EXERCISE DESCRIPTION
Word-for-word transcription: reproduce all of the data, but not the pictures.

INPUT DATA
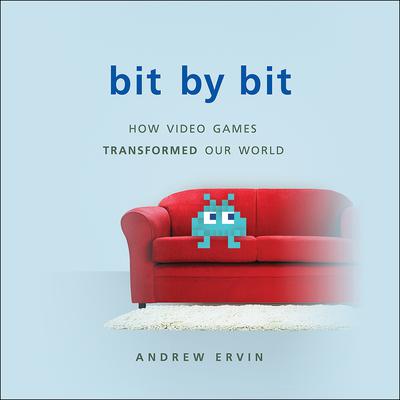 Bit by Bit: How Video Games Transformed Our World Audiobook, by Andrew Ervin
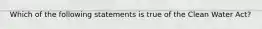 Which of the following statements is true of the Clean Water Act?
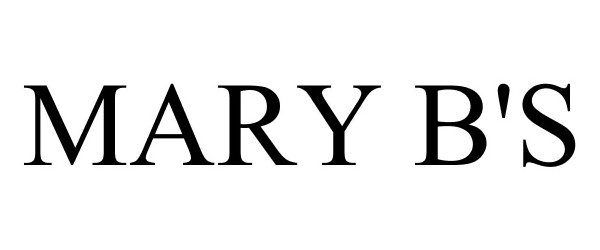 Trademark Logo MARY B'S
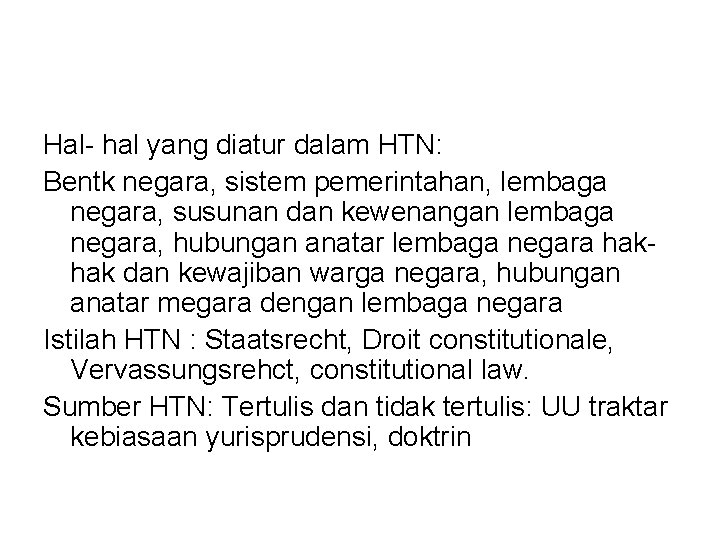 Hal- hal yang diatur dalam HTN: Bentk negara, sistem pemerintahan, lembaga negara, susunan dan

SOLUTION BELOW
 Bit by Bit: How Video Games Transformed Our World Audiobook, by Andrew Ervin
 Which of the following statements is true of the Clean Water Act?
 Trademark Logo MARY B'S
 Hal- hal yang diatur dalam HTN: Bentk negara, sistem pemerintahan, lembaga negara, susunan dan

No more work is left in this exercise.